The last of these sites suggest there are “destinations” on Second Life involving vampires. In fact, there are a lot of them. To name just three:
- Genesis Order Horde. “Home of the Genesis Order vampire horde, a friendly, safe haven that welcomes all. It’s role-play friendly, with several active social-oriented venues including Club Se>en, a shopping area, a pier and member of several support organizations oriented toward new residents.”
- Vampyr Empire. “Transylvania, one of Second Life’s longest running communities, features a thriving, tight knit family who can offer support for new people coming into this lifestyle. You’ll find towering castles, dark corners and high-class Gothic-style shopping in this popular area.”
- Vamporium. “As soon as you land in Vamporium, you’ll feel a cold wind upon the back of your neck. There’s a whole region and shop of horrors to explore, including dark corners, haunted castles, Hell Maze, crypts and all manner of gruesome creatures. A truly dark adventure awaits!”
An old fascination
A lot of folks wonder why young people are finding vampires so fascinating today. Some parents are shuddering at the thought of their kids going any more goth than – well – they did, not too many years ago and of being sucked into the vampire world.
But then again, haven’t vamps always been fascinating to us, young and old? Today’s parents probably devoured large tubs of popcorn over 1994’s Interview with a Vampire (with Tom Cruise and Brad Pitt in the capes), and their parents and grandparents got to know Bela Lugosi and Lon Chaney as earlier-day bat-men. And of course, there was always the TV sitcom, The Munsters.
Back to that essay
If you haven’t forgotten the initial spark that opened this stroll down Nightmare Lane, it was the question of the essay’s title, Racing the Vampire: Exploring Race and Identity in Second Life. It is one of many essays that takes communication studies into new areas.
In this case, with the advent a few years ago of these popular, virtual fantasy sites like Second Life, a lot of communication researchers and psychologists have been wondering what might happen to the individual identity of a young person who winds up spending so much time living an online life as someone else.
Like, oh, a vampire.
What’s important here?
Is race important when you’re a vampire? Is gender? Can some of the problems swirling around those descriptors be eliminated by simply living your life in fantasy land? If so, what kinds of personal identity problems are young users facing? Are sites such as Second Life causing any re-entry problems for the young cybernauts navigating them?
With the popularity of these RPG sites, others have arisen to transport users into faraway places and very strange territories. A few of them are:
- Swords and Potions
- Ministry of War
- Kaliedoscope Dating Sim
- Always Remember Me
- Fatal Hearts
- Crush the Castle
And the list goes on and on.

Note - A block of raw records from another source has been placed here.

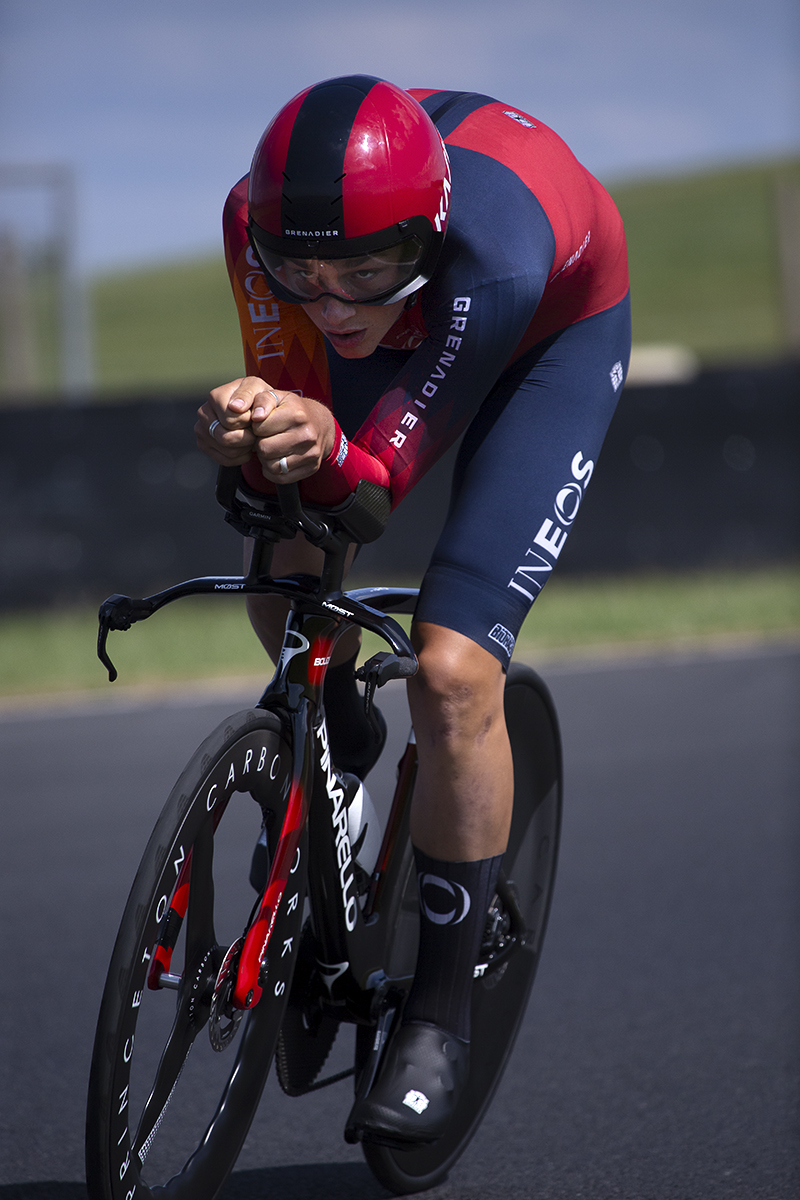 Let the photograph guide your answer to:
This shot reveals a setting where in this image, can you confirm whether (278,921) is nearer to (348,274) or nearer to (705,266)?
(348,274)

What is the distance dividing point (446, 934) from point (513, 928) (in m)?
0.41

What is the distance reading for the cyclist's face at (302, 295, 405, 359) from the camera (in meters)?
2.18

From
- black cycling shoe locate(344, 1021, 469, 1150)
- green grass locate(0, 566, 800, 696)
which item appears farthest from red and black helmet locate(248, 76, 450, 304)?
green grass locate(0, 566, 800, 696)

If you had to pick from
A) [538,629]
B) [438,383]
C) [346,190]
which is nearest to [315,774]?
[438,383]

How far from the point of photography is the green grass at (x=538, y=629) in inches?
305

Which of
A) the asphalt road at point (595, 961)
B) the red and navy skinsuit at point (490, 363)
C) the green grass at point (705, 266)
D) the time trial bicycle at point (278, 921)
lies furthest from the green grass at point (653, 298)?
the time trial bicycle at point (278, 921)

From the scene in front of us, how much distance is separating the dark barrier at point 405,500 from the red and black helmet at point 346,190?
264 inches

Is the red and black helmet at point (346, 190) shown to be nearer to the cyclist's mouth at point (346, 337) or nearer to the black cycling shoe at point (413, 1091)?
the cyclist's mouth at point (346, 337)

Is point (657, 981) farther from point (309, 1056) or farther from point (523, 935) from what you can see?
point (309, 1056)

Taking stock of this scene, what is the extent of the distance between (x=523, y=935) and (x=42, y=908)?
2.08 m

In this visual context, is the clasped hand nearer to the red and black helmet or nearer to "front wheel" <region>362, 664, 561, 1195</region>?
the red and black helmet

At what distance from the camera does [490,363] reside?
7.46 ft

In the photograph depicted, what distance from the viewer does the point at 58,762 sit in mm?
6043

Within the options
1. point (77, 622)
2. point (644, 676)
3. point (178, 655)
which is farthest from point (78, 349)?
point (644, 676) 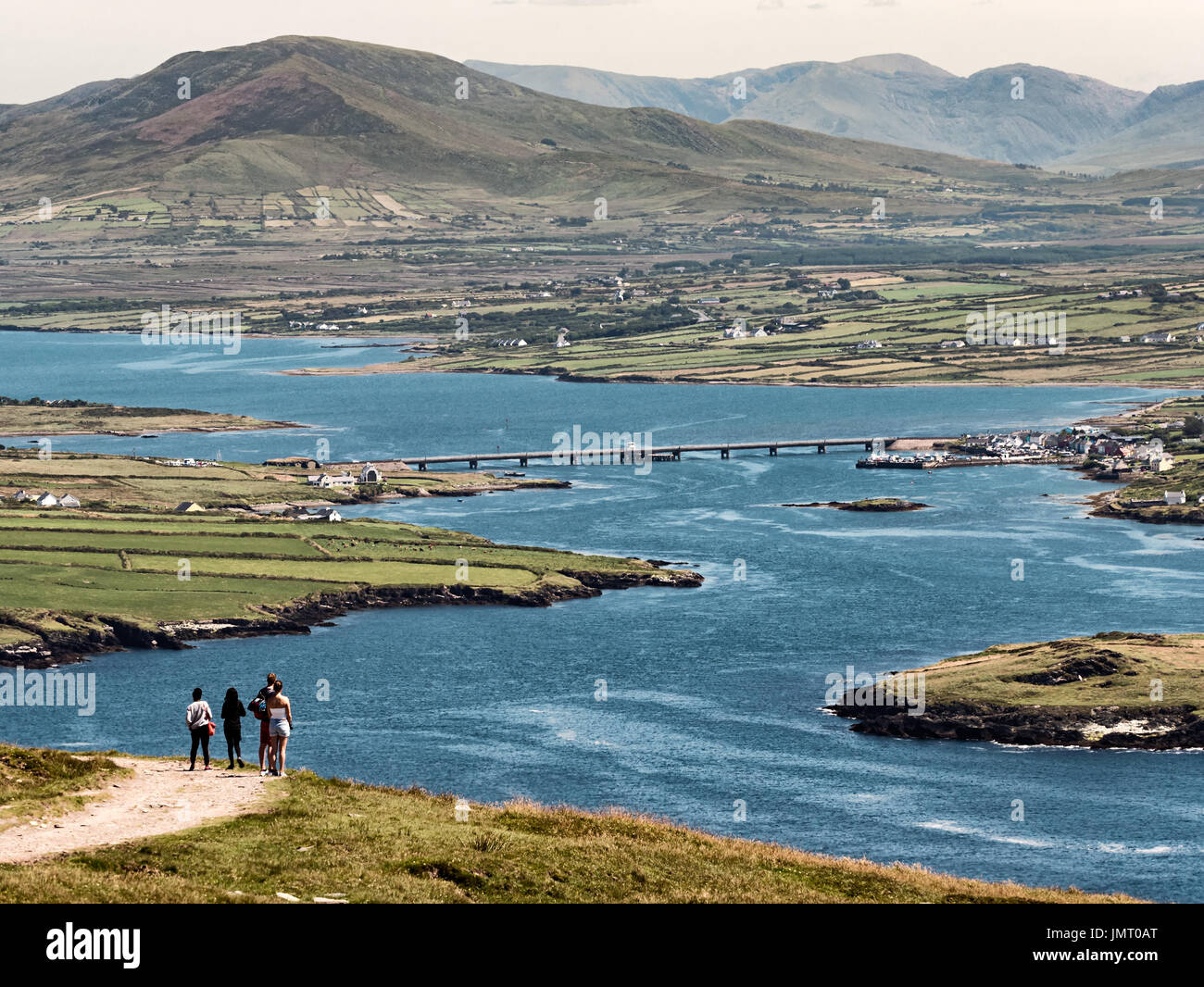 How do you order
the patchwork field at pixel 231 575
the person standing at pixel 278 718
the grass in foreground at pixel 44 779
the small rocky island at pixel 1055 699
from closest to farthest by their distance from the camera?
1. the grass in foreground at pixel 44 779
2. the person standing at pixel 278 718
3. the small rocky island at pixel 1055 699
4. the patchwork field at pixel 231 575

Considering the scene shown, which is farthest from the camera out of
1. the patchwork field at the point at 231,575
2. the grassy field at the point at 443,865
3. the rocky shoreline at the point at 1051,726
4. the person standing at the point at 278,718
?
the patchwork field at the point at 231,575

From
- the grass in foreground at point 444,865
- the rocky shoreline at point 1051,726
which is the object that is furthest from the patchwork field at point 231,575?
the grass in foreground at point 444,865

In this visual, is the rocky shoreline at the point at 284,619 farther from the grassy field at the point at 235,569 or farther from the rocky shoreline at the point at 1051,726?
the rocky shoreline at the point at 1051,726

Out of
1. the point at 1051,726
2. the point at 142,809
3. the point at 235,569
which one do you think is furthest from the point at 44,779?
the point at 235,569

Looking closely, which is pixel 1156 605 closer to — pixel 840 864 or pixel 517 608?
pixel 517 608

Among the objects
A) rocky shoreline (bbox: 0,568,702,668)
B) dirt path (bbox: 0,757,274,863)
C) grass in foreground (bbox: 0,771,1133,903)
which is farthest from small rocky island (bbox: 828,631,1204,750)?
dirt path (bbox: 0,757,274,863)

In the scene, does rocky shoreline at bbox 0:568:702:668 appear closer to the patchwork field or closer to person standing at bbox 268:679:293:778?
the patchwork field

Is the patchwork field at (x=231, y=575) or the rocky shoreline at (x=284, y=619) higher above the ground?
the patchwork field at (x=231, y=575)

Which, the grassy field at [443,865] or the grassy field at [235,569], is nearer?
the grassy field at [443,865] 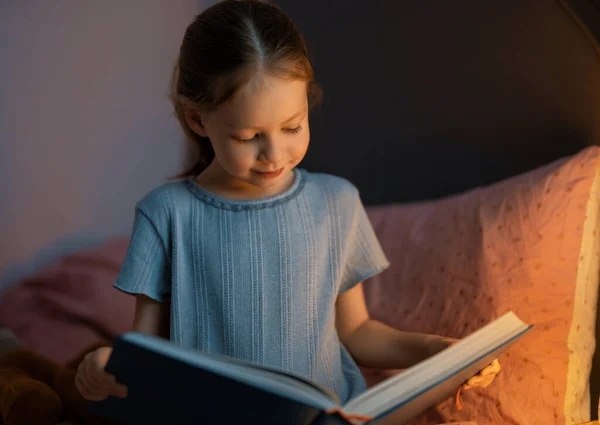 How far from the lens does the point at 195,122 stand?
39.2 inches

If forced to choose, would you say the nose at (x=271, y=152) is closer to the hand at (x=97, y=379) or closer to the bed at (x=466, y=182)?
the hand at (x=97, y=379)

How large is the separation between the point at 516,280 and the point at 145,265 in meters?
0.63

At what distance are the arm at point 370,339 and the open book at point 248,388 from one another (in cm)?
24

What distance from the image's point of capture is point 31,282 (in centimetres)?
174

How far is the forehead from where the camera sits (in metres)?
0.89

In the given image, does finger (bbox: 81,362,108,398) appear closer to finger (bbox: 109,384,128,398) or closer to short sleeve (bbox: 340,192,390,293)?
finger (bbox: 109,384,128,398)

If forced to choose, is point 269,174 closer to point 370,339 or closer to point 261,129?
point 261,129

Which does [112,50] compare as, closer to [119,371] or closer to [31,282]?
[31,282]

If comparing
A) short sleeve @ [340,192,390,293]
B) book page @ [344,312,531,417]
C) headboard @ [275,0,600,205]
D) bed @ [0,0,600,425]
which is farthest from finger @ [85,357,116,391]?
headboard @ [275,0,600,205]

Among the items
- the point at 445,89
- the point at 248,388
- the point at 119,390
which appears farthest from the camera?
the point at 445,89

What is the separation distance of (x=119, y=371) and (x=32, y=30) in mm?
1214

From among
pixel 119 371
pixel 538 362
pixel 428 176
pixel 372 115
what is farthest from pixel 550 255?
pixel 119 371

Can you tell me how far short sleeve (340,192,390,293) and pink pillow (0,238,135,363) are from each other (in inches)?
26.9

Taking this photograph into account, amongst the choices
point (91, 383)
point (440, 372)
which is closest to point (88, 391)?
point (91, 383) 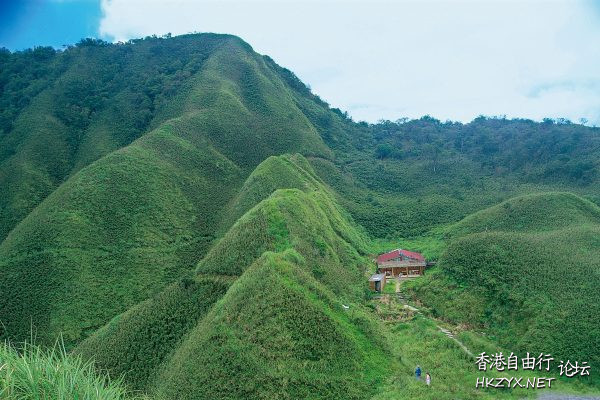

So do the questions: what happens to the question young people deal with of, “Who am I,” when they might spend so much time breaking hearts or crushing castles in the virtual world?
Could be that critics of these sites are tilting at windmills themselves.
Perhaps there is no more danger lurking here than Grandpa faced when he forced his mom and dad into buying much more Ovaltine than they ever needed just to collect enough product labels to send off for his very own Captain Midnight Secret Decoder Ring.
As in most questions regarding the virtual unknown, only time will tell. In the meantime, Beam me up, Scotty!